The file src/topology.c contains a function topology_setName() which contains a set of switch-case statements based on the IDs we have added to src/includes/topology.h before. Search for P6 (Intel) or ZEN_FAMILY because the function is quite long. There you add the description and short name for the new chip. Here is a snippet of it:

switch ( cpuid_info.family )
{
    case P6_FAMILY:
        switch (cpuid_info.model)
        {
            case BROADWELL:
                cpuid_info.name = broadwell_str;
                cpuid_info.short_name = short_broadwell;
                break;
            [...]
        }
        break;
    [...]
}

With these settings, you should be able to run likwid-topology and get proper output (except cache information). The cache and NUMA information is provided by hwloc and should "just work" for x86_64 systems.

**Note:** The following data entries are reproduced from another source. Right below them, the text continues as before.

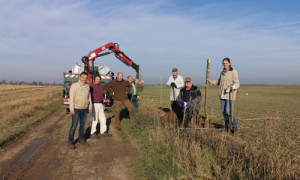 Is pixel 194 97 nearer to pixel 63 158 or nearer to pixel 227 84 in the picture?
pixel 227 84

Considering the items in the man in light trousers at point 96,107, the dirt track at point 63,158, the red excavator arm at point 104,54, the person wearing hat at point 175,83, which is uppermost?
the red excavator arm at point 104,54

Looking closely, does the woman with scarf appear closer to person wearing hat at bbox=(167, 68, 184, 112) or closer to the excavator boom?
person wearing hat at bbox=(167, 68, 184, 112)

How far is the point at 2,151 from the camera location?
5.21m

Adding support for performance monitoring

In order to get performance monitoring support for your chip, three new files are required:

  • perfmon_<name>.h: Main header for the chip
  • perfmon_<name>_counters.h: Counter/register definitions
  • perfmon_<name>_events.txt: Event definitions

No underscores or similar allowed in name but please name them reasonably to find it again later. If there are multiple versions of the chip with different counters and/or events (like Intel Broadwell desktop class broadwell, single-socket server class broadwellD and multi-socket server class broadwellEP), please put the logic for all chips in the main header e.g. perfmon_broadwell.h and separate files for counters and/or events.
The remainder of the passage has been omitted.